In eurem Schooß, ihr grünen Finsternisse,
Wohnt wahre Lust; in Städten wohnt ihr Schein.

Hier find' ich dich, holdsel'ge Schöne, wieder,
Gesundheit, dich! du fliehst der Städte Rauch,
Fliehst ihre Pracht. Durch alle meine Glieder
Strömt neue Kraft von deinem Balsamhauch.

Bey dem Gesang der sanften Philomele,
Rührt mächtiger Petrarchens Lied mein Herz;
Und stärker reizt die sorgenfreye Seele
Cervantens Witz, und Fiedlings süsser Scherz.

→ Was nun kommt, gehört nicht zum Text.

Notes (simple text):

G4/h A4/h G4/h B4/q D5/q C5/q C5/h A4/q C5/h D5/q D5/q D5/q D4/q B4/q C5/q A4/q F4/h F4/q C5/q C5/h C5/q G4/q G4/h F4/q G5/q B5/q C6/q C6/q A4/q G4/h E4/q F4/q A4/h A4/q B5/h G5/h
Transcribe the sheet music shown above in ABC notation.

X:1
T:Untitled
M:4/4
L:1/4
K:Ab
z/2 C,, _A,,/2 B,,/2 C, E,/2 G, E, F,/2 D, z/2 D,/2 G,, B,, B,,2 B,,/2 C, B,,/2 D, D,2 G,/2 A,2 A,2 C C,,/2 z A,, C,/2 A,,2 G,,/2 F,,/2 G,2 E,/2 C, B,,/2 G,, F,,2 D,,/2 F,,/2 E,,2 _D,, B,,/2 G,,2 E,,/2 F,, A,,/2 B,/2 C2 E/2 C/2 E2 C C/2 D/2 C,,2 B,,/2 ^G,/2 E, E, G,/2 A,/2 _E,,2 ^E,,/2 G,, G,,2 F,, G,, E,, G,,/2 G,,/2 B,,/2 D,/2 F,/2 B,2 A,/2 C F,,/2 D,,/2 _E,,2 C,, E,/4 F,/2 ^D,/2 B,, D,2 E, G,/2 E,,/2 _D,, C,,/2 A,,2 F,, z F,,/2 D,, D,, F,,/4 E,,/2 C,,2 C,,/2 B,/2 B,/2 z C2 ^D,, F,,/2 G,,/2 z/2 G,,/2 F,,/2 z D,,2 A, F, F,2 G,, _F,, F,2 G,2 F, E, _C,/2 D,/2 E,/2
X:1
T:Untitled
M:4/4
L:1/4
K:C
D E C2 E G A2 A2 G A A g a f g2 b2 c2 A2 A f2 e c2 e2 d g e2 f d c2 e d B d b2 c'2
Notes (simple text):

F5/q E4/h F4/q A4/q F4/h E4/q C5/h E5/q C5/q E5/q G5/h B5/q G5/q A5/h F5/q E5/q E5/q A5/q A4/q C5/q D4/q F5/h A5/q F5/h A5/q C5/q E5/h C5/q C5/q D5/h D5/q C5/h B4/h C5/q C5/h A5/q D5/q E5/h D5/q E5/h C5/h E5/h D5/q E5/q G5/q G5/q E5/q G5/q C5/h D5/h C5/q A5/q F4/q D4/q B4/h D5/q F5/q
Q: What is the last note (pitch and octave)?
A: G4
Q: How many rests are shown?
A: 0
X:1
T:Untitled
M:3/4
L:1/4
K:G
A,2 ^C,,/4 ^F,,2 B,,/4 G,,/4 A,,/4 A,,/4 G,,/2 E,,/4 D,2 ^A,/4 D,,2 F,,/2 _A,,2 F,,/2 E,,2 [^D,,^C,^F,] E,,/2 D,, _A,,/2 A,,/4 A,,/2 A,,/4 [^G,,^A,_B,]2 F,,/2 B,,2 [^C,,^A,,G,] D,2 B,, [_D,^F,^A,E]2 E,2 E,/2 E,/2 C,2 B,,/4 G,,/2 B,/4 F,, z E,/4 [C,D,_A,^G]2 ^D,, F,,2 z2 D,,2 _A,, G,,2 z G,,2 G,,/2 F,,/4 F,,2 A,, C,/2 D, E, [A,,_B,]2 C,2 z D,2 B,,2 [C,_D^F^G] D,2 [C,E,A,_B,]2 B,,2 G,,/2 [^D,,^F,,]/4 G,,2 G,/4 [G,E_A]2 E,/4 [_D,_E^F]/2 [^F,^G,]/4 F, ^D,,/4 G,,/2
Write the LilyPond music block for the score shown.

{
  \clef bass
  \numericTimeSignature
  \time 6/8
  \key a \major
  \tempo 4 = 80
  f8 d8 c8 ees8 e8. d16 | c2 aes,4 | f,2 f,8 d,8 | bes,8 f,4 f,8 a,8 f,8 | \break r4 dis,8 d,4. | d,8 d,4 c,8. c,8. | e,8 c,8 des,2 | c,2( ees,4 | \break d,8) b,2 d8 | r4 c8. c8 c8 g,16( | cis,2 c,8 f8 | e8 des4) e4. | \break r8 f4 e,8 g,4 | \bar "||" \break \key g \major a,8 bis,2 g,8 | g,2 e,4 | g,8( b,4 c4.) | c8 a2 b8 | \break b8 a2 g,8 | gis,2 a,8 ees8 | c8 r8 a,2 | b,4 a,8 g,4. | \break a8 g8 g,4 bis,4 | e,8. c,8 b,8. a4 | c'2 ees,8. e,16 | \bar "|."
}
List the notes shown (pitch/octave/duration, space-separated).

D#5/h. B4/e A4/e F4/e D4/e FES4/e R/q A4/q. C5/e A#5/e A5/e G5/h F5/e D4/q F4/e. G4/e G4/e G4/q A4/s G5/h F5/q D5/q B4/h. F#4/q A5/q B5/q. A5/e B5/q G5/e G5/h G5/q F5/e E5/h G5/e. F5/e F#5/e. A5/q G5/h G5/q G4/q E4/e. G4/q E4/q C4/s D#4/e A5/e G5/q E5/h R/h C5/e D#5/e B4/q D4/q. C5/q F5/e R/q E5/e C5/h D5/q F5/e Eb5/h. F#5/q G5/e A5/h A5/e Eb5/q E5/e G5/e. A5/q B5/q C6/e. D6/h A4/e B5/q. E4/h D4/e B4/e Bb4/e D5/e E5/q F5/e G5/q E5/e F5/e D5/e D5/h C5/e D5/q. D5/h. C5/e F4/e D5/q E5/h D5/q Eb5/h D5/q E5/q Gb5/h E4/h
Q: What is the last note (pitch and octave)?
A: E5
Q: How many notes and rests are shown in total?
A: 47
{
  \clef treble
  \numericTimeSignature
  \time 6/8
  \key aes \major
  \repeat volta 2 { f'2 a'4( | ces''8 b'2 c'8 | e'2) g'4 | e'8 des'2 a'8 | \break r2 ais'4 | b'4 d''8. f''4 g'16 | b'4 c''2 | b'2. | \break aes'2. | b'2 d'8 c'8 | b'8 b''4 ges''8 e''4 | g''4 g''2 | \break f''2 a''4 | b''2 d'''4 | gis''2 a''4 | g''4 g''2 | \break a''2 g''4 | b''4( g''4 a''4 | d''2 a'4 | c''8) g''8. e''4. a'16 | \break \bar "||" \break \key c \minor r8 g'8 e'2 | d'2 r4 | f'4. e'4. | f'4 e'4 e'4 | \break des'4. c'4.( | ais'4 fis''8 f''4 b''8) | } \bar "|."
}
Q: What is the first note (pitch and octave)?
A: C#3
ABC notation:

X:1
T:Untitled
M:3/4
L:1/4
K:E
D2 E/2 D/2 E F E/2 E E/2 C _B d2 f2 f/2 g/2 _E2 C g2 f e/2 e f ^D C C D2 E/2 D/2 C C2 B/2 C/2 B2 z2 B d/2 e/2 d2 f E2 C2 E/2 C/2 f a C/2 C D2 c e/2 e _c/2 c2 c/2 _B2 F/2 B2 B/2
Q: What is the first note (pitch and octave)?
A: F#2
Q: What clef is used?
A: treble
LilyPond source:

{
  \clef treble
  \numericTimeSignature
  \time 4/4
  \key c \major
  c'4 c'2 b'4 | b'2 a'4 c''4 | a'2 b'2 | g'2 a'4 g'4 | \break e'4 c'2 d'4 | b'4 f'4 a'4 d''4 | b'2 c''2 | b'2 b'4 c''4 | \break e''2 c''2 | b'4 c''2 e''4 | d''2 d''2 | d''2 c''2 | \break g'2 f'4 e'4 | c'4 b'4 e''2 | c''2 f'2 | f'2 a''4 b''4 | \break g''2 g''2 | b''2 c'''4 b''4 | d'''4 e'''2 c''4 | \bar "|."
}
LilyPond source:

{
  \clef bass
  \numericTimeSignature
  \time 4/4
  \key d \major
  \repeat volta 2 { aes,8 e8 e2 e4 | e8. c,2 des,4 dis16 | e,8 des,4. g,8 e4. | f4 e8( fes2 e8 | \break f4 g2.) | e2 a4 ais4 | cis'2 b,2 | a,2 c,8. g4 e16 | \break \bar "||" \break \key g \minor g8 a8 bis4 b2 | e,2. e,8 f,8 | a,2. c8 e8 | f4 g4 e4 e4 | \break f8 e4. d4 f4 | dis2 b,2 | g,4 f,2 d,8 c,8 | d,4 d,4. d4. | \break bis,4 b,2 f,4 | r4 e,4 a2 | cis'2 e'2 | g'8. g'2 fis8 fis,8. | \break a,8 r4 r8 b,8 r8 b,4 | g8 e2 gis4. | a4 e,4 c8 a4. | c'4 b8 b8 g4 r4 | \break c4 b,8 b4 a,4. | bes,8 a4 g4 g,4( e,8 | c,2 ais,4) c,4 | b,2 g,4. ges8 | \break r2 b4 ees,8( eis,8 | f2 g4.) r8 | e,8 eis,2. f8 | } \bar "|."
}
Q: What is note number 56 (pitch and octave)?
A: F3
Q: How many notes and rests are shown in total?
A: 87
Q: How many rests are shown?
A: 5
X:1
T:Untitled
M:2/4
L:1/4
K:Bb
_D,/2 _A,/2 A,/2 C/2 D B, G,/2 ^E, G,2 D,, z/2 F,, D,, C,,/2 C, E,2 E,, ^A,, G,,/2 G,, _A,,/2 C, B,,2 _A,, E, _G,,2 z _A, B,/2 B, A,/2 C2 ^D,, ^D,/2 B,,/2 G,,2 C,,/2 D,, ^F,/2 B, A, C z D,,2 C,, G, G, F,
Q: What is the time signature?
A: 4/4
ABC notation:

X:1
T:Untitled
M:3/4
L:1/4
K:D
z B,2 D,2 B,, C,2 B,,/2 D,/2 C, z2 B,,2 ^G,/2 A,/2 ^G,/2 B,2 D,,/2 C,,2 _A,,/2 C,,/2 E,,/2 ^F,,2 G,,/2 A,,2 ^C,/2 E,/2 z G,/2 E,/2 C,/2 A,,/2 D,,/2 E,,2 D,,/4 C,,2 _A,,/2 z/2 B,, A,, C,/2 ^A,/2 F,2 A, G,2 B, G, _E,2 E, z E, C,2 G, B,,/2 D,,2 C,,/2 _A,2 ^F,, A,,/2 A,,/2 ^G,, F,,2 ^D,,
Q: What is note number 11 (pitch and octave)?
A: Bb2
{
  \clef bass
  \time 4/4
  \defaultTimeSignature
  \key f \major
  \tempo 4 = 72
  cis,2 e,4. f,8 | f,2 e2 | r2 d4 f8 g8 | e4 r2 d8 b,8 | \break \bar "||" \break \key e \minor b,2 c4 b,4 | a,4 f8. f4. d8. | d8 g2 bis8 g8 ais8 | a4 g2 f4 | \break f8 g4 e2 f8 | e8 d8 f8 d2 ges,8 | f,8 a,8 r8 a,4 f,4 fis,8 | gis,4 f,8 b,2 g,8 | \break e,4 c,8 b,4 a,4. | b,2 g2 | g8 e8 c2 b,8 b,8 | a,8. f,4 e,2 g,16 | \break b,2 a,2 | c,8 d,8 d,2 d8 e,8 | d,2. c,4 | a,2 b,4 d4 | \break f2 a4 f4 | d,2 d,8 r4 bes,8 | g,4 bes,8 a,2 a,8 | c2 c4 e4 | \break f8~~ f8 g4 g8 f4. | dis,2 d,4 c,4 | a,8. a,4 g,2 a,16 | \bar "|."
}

Ich neide nicht der Reichen Götterfeste,
Mich speist ein Mahl, das Hunger schmackhaft macht;
Mir rauscht der Bach, mir lispeln junge Weste,
Kein finstrer Traum beschweret meine Nacht.

Verbirg auf stets mich dem unheil'gen Volke,
O stilles Thal, das mich so sehr entzückt!
Wo über mir auf einer Silberwolke
Die Muse schwebt, mit Daphnens Reiz geschmückt.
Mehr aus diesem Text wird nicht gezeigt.